*Data excerpt*
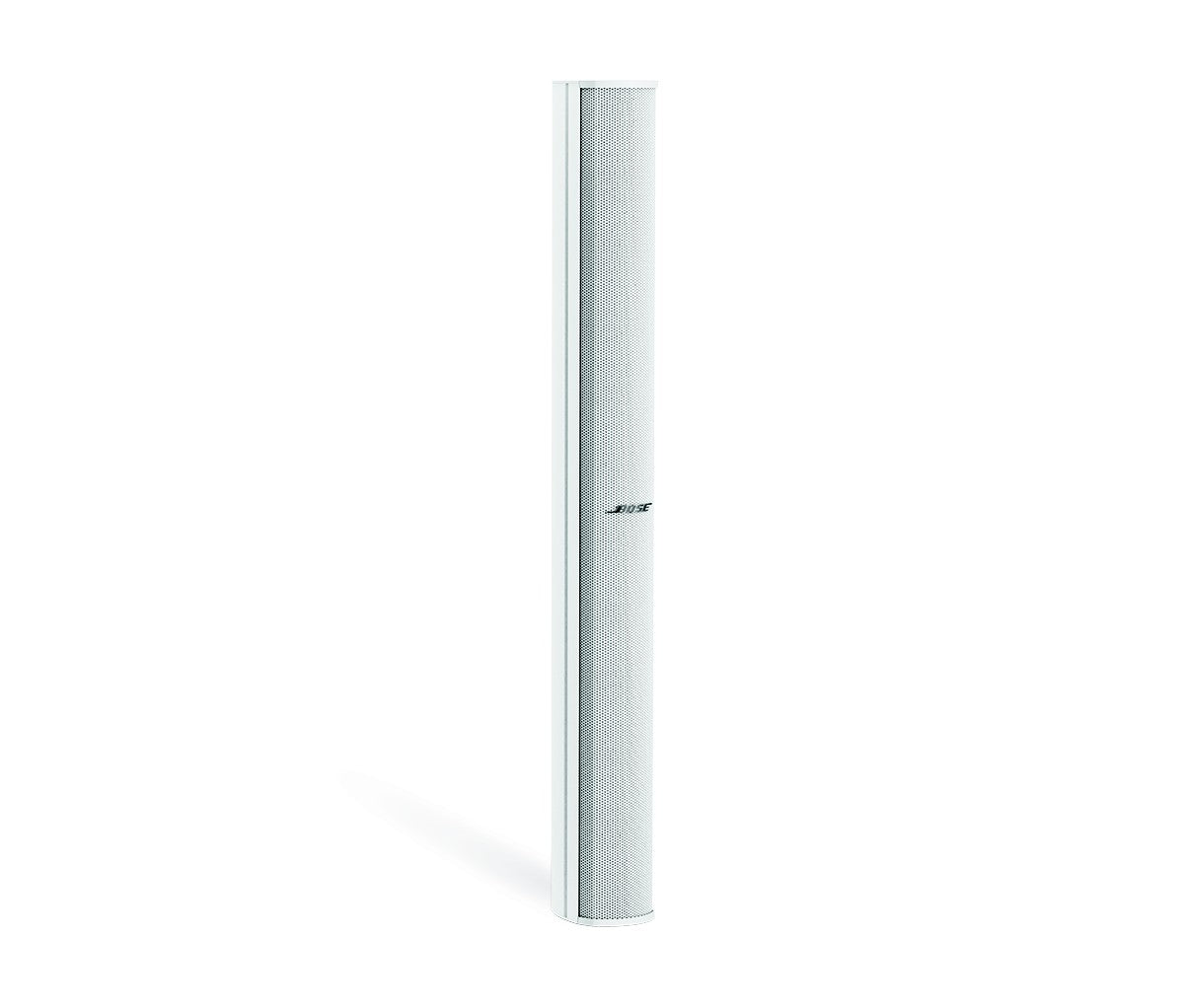 BOSE Professional Panaray MA12EX modular columnar array loudspeaker - Each - White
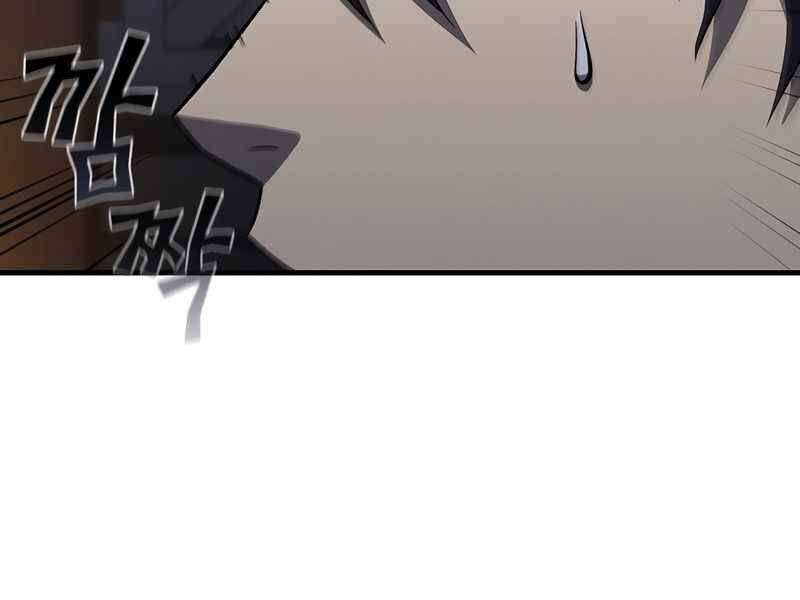 Khát Vọng Trỗi Dậy Chapter 107 - 96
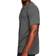 Under Armour GL Foundation Ss - Charcoal Medium Heather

*Task requirements*
Reproduce the material above verbatim; omit every picture.

*Response for this exercise*
 BOSE Professional Panaray MA12EX modular columnar array loudspeaker - Each - White
 Khát Vọng Trỗi Dậy Chapter 107 - 96
 Under Armour GL Foundation Ss - Charcoal Medium Heather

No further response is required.